Your instructions
Nothing but the lines below from the one containing "lexus lf-z electrified" through the one containing "Geleceğin trafik dedektifleri yetişiyor" should appear in the answer, exact and without pictures.

Records supplied
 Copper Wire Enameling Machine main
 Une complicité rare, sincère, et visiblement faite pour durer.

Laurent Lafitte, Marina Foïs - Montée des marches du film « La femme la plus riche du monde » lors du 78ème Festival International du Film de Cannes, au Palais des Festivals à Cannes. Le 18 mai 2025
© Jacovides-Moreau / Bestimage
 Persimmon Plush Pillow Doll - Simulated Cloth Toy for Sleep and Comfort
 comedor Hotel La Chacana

---

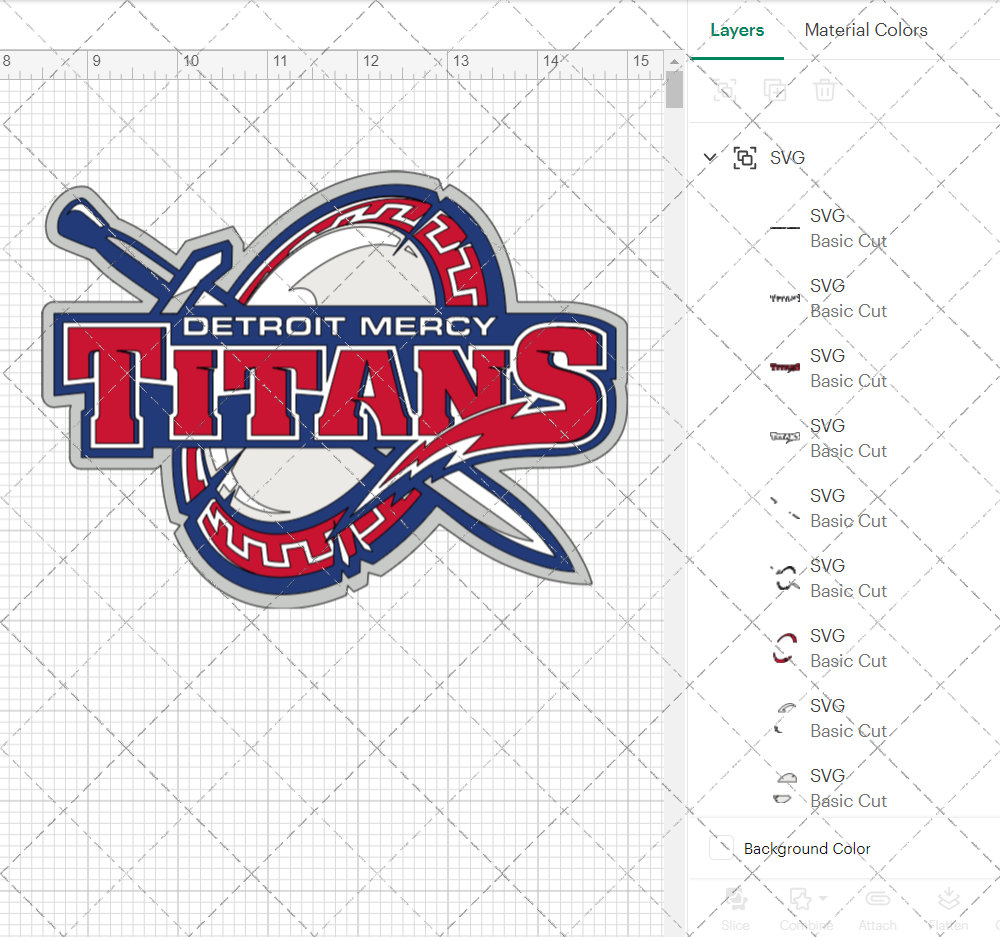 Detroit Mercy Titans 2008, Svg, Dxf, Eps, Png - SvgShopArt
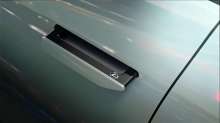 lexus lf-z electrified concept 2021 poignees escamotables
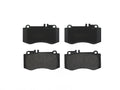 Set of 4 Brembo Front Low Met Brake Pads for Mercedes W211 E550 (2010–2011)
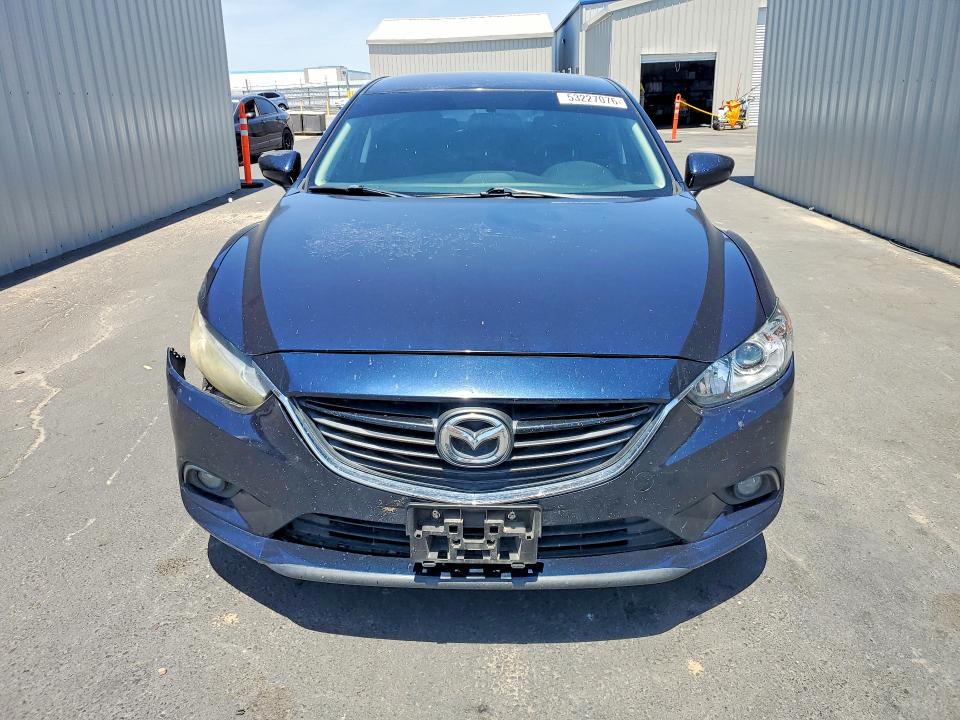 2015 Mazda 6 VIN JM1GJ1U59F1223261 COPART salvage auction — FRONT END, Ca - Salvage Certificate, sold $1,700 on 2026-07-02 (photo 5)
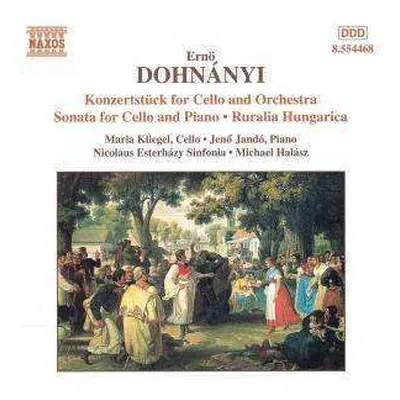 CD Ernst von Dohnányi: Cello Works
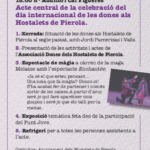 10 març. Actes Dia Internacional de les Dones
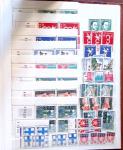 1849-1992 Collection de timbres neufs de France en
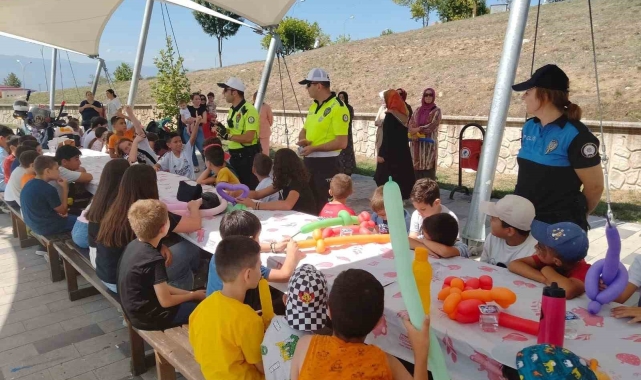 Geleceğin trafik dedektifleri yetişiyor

Problem solution
 lexus lf-z electrified concept 2021 poignees escamotables
 Set of 4 Brembo Front Low Met Brake Pads for Mercedes W211 E550 (2010–2011)
 2015 Mazda 6 VIN JM1GJ1U59F1223261 COPART salvage auction — FRONT END, Ca - Salvage Certificate, sold $1,700 on 2026-07-02 (photo 5)
 CD Ernst von Dohnányi: Cello Works
 10 març. Actes Dia Internacional de les Dones
 1849-1992 Collection de timbres neufs de France en
 Geleceğin trafik dedektifleri yetişiyor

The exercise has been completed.